Published 03/05/2022, 11:46
Updated 02/09/2020, 07:05

Shares of Canopy Growth (NASDAQ:CGC) (TSX:WEED) have gained 14% in the past week after the cannabis grower publicly outlined a series of cost-reduction actions in an effort to accelerate its path to profitability.

The marijuana stock closed Monday at US$6.05 on the NASDAQ, gaining almost 6% on the day.

Canopy Growth Weekly Chart.

Canopy officials said the Canadian-based company aims to shave C$100 million (US$77.6 million) to C$150 million (US$116.4 million) in cost from its operations within the coming 12 to 18 months.

Although the statement issued by the company admitted that some of the measures announced would result in staffing cuts, it did not specify how many jobs would be eliminated.

A report in The Globe and Mail, however, confirmed the Canadian-based marijuana grower would lay off 250 people—or about 8% of its workforce. None of the company’s facilities would be closed to meet the job cut targets, the report stated. Rather the reduction in staff would be the result of a reorganization.

The latest announced job cuts are in addition to the 75 positions eliminated at one of the company’s largest facilities in Ontario last May, and the 220 positions eliminated the previous year.

One of the aims of the measures announced is to lower the “per-gram cultivation costs” by increasing “cultivation-related efficiencies and facility improvements.” No other specifics on how that would be achieved, however, were mentioned.

Canopy also aims to improve contract manufacturing of some products.

Said Canopy Growth’s Chief Financial Officer Judy Hong in a statement:

“The savings and operational efficiencies generated through these additional steps reinforce our commitment to driving Canopy to profitability."

At Canopy’s last quarterly earnings report, for the three-month period that ended Dec. 31, 2021, the company reported a net loss of C$115.5 million, down from a net loss of C$829.3 million in the same period of the previous year.

Revenue was down 8%. The company also reported it had drastically cut its operating expenses to C$161 million compared with C$578 million in the same period the previous year.

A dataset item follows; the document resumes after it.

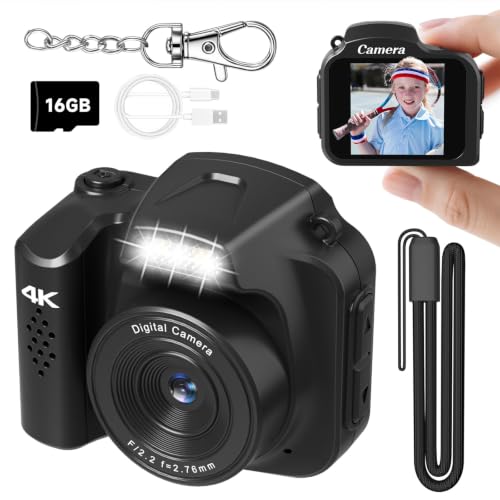 Mini Keychain Camera 4K 64MP Vintage Digital Camera,Pocket Retro Nostalgia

Said Canopy Growth CEO in a statement:

“To realize profitability and power growth, we are taking critical actions to further evolve Canopy Growth into an agile organization with a clear focus on the areas where we have the greatest potential success. These necessary changes are being implemented to ensure the size and scale of our operations reflect current market realities and will support the long-term sustainability of our company.”

Despite the optimistic showing, shares of Canopy Growth are down almost 79% in the past year.